A sede das massas
Dizem que as massas nunca tiveram sede de verdade, como afirmou Freud. Talvez ele estivesse certo. A verdade, nua e crua, é amarga demais para ser consumida em goles largos. As pessoas querem aquilo que as conforta, que as mantém em movimento, como se fossem atores numa peça cuidadosamente roteirizada, onde a realidade não passa de um incômodo pano de fundo. A ilusão, por outro lado, essa sim é embriagante. Ela colore os dias e preenche o vazio existencial com uma narrativa que faz sentido, mesmo que esse sentido seja uma farsa.
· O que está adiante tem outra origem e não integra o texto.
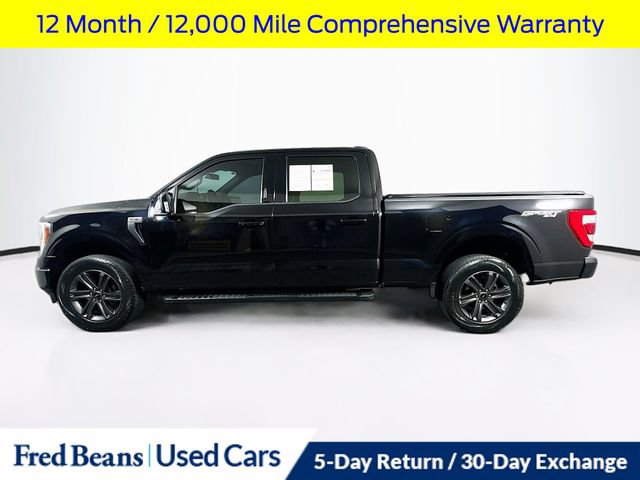 Certified 2023 Ford F150 Lariat w/ Equipment Group 502A High AWD/4WD image 5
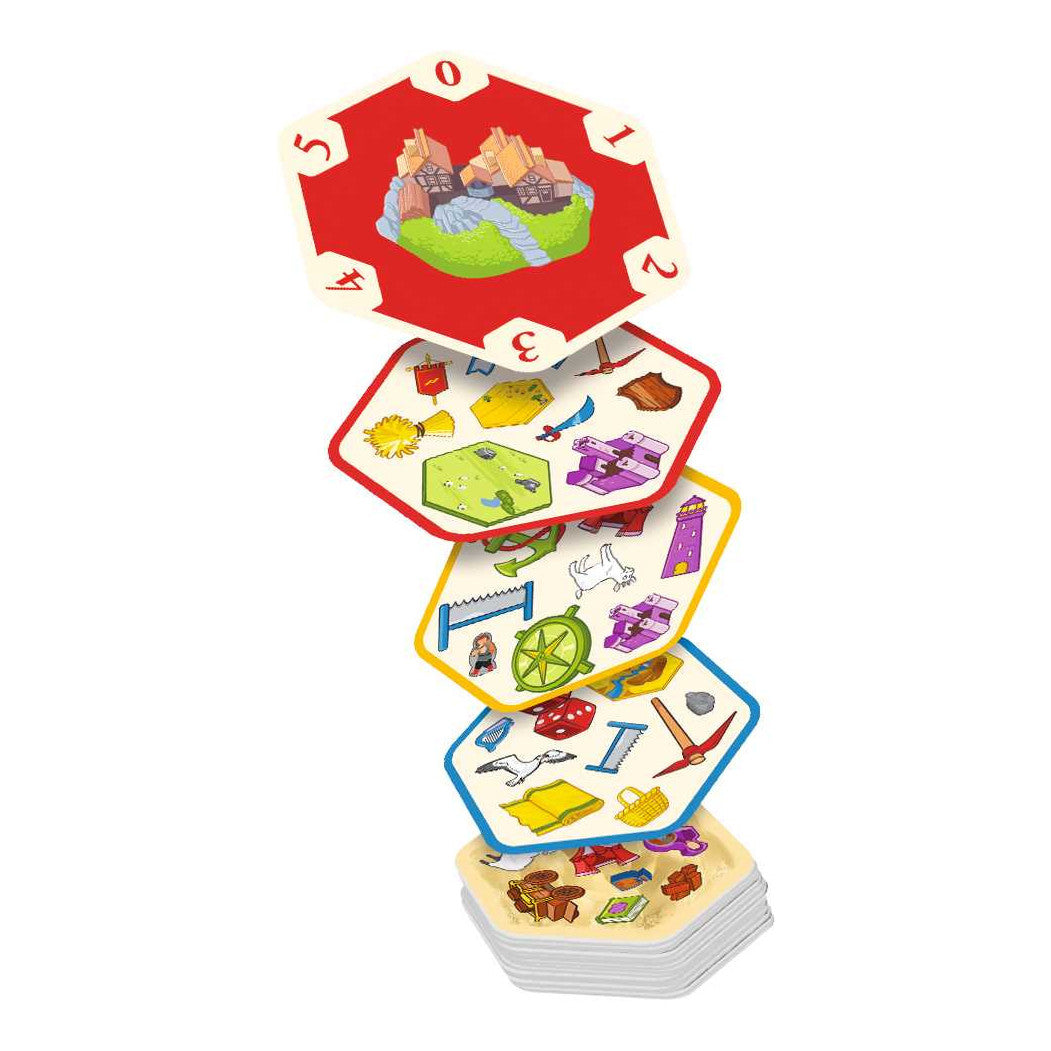 Dobble Catan Card Game Zygomatic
Pensemos no cotidiano, nos discursos políticos, nas promessas vazias de campanhas eleitorais. Quantos preferem acreditar na utopia de um futuro próspero, mesmo quando os sinais evidenciam o contrário? O que se espera, afinal, de quem, ano após ano, deposita sua confiança em líderes que não trazem mudanças? A resposta é simples: esperam um sonho. As massas querem ilusões, porque, sem elas, a vida se tornaria insuportavelmente concreta. E a verdade, como uma pedra no sapato, machuca demais para ser ignorada.
Freud sabia disso, claro. Entendia que o ser humano, para manter-se de pé, precisa de um horizonte inalcançável, de uma utopia que jamais será atingida, mas que continua a mover a engrenagem da esperança. Não se trata de uma sede pelo conhecimento profundo, mas pela doce sensação de que tudo, de algum modo, pode melhorar — ainda que, no fundo, ninguém acredite realmente nisso.
No entanto, por que essa necessidade de ilusões? Seriam as massas incapazes de lidar com a verdade? Talvez. A verdade tem um preço alto demais. Ela exige autocrítica, reflexão, mudança. E, acima de tudo, exige coragem. Coragem para abandonar o conforto das velhas narrativas, das histórias bem contadas que explicam o mundo com um verniz de simplicidade. Coragem para aceitar que as respostas fáceis são, na maioria das vezes, mentiras bem arquitetadas.
É mais fácil seguir o fluxo, acompanhar a maré, gritar com a multidão. A ilusão oferece isso: a segurança de não estar só, de fazer parte de um todo, mesmo que esse todo seja construído sobre fundamentos instáveis. Quem, afinal, deseja o fardo de carregar a verdade quando a ilusão é tão mais leve, tão mais colorida?
Assim, a história se repete. As massas seguem alimentando-se de ilusões, enquanto a verdade, solitária, observa à distância, aguardando o dia em que alguém tenha sede suficiente para se arriscar a prová-la.
Mas até lá, Freud continua ecoando em nossas mentes: a ilusão é o néctar das massas, e a verdade, ainda que amarga, é para poucos.